Dianne Poole (born June 28, 1949) is a former politician in Ontario, Canada. She served as a Liberal member of the Legislative Assembly of Ontario from 1987 to 1995.

==Background==
Poole has a Bachelor of Arts degree in Sociology from Trent University, and was a law clerk and social worker before entering political life. She also served as chair of the Women's Perspective Advisory Committee, and was a member of the French Immersion Task Force of the Toronto Board of Education.

==Politics==
Poole ran for the Ontario legislature in the 1985 general election, losing to Progressive Conservative David McFadden by 914 votes in the Toronto constituency of Eglinton. She ran again in the 1987 provincial election, and defeated McFadden by 695 votes amid a landslide victory for the Liberals. In 1989, she was appointed as a parliamentary assistant.

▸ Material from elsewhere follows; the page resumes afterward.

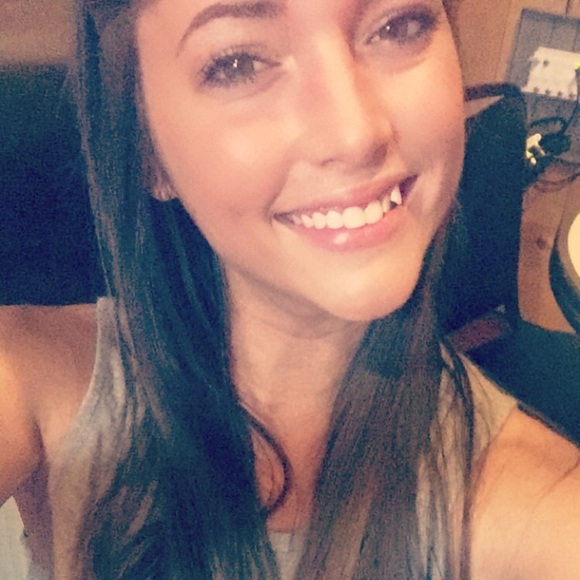 Profile Picture of Alexis Grooms (@alexisgmartin) on Poshmark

The Liberals were defeated by the New Democratic Party in the 1990 provincial election, and Poole was re-elected by only 173 votes over Progressive Conservative candidate Ann Vanstone. She served as the Liberal critic for Housing from 1990 to 1993, and for the JobsOntario program from 1993 to 1995.

In 1994, Poole was one of only three Liberal Member of Provincial Parliament (MPPs), along with Jean Poirier and Tim Murphy, who supported Bill 167, a bill brought forward by the government of Bob Rae to extend spousal benefits to same-sex couples. Poole also called for the Ontario Film Review Board to impose greater restrictions on sexually explicit and violent materials entering the country. She was generally regarded as being on the left wing of the party.

The narrow margin of Poole's victory in 1990 made her constituency a prime PC target in 1995. She lost to Progressive Conservative fundraiser Bill Saunderson by about 4,500 votes, as the Progressive Conservatives won a majority government provincially.

After leaving politics, Poole became the president of Politrain, Inc. She supported Gerard Kennedy for the Liberal Party leadership in 1996.